Tuesday, 14 September 2010

The investigation into the current outbreak of Salmonella Typhimurium DT8 linked with the consumption of duck eggs is ongoing, with five new cases in August.  This brings the total number of confirmed cases to date to 24 and it is now the largest food poisoning outbreak of salmonellosis recorded in recent years in Ireland.  In light of this, the Food Safety Authority of Ireland (FSAI) today reiterated its advice on the safe consumption of duck eggs.  The people infected have ranged from 5 months to 80 years of age.  The latest cases tend to be linked with the consumption of duck eggs from small backyard flocks / private farms.  The confirmed cases are nationwide.  Hens eggs are not implicated in this outbreak.

The FSAI advises to only consume duck eggs that have been thoroughly cooked and to cease using raw duck eggs in any dishes that will not be cooked thoroughly prior to eating.  It also cautions on the importance of good hygiene practices being followed, such as washing hands and preparation surfaces after handling or using duck eggs. 

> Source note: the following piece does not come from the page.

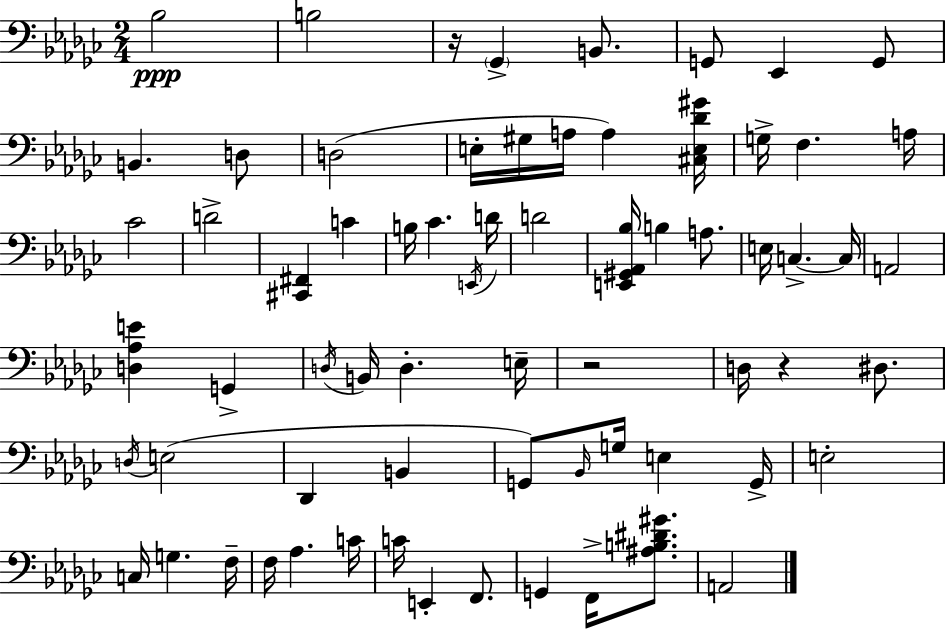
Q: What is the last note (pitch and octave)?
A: A2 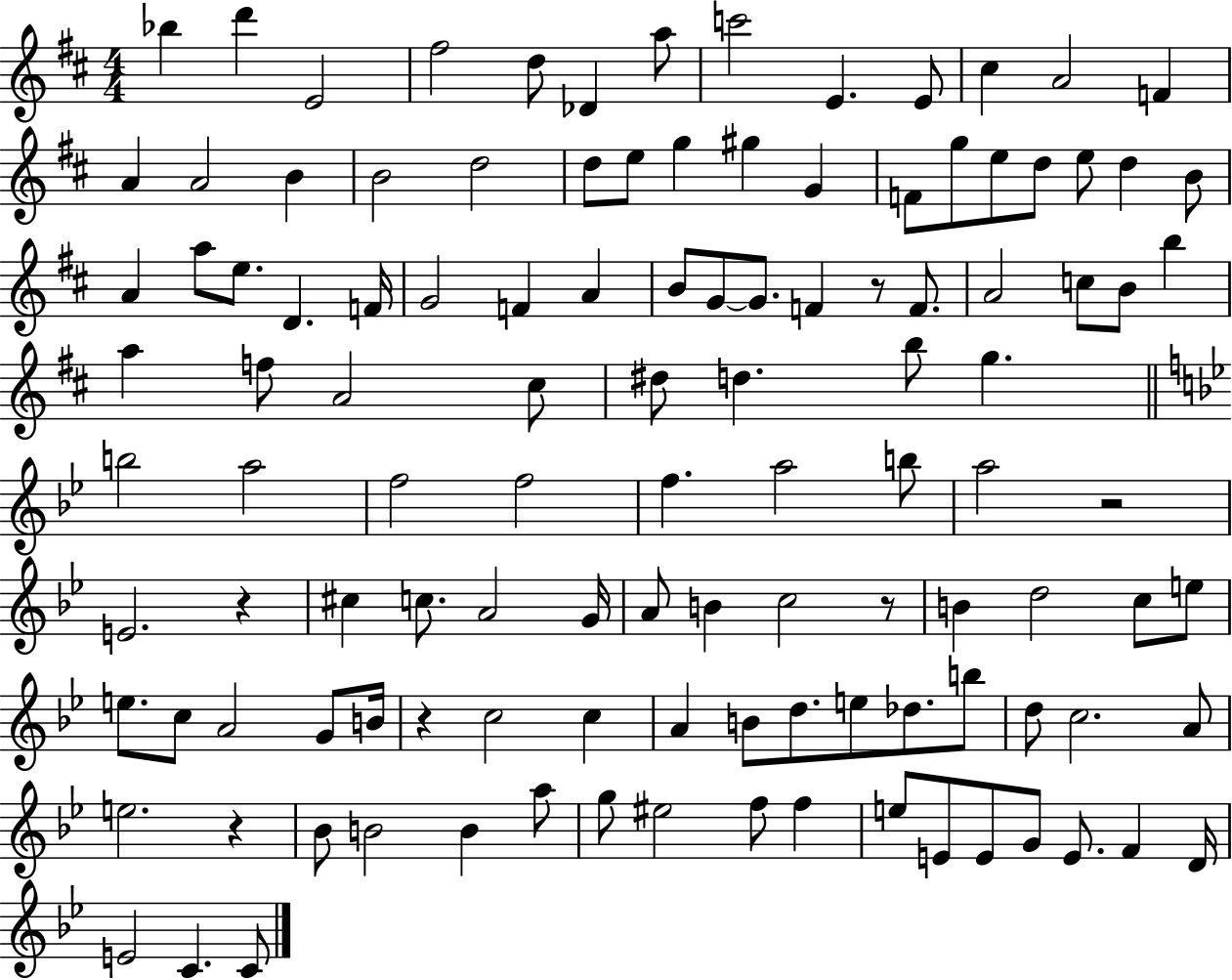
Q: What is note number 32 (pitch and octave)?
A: A5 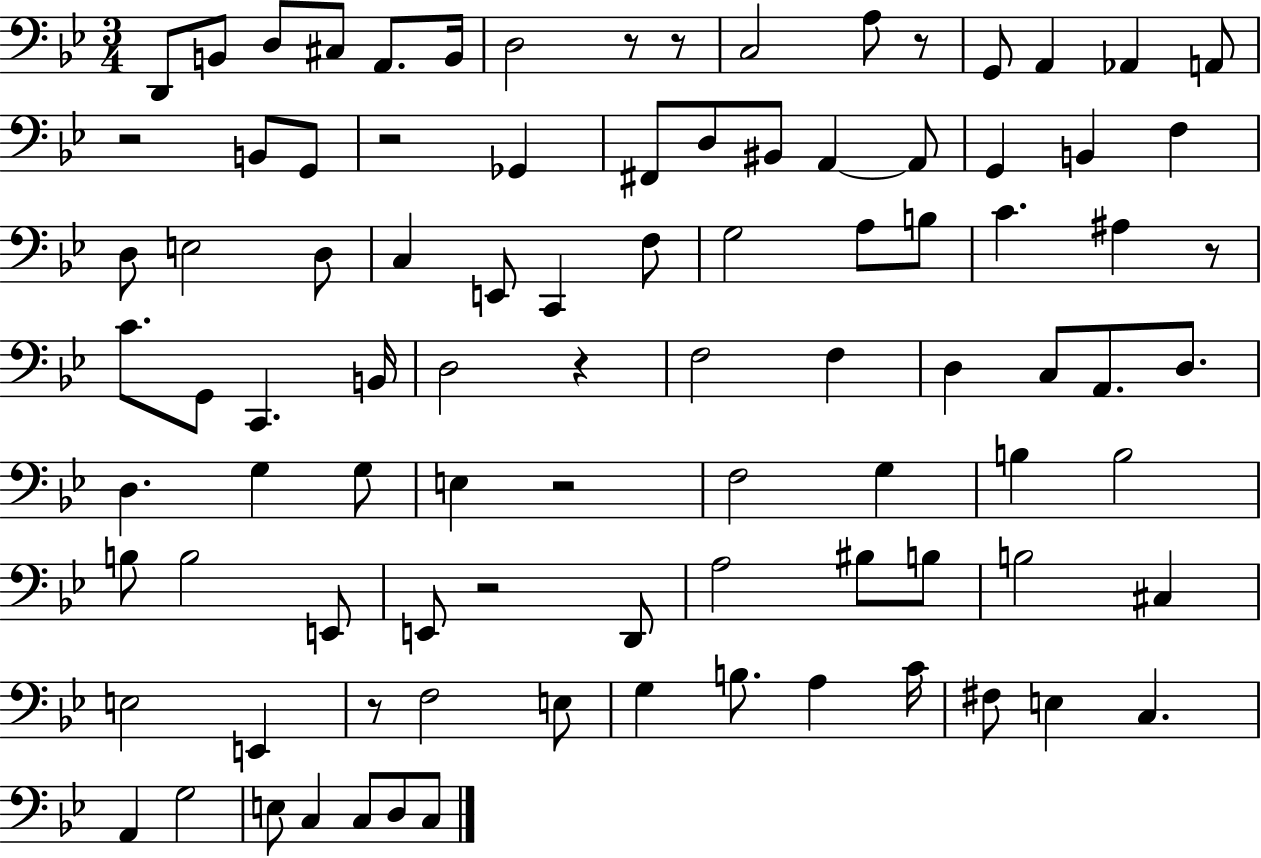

    “We are advising caterers, retailers and consumers to treat duck eggs in the same way as they would raw chicken.  We all know that we should never eat raw chicken.  This is a risk that is well understood by everyone, both in term of ensuring it is cooked thoroughly and also by maintaining good hygiene practices, thereby preventing cross contamination between raw food and ready-to-eat food.  However, people may have forgotten that duck eggs have been associated with Salmonella in the past and therefore, are not taking the correct precautions today.  The fact that the outbreak is ongoing, underlines the huge importance attached to maintaining stringent hygiene practices when handling raw duck eggs.  Even when duck eggs look clean, they may still have Salmonellae on the outside of the shell and sometimes carry it on the inside of the egg,” said Prof Alan Reilly, Chief Executive, FSAI.  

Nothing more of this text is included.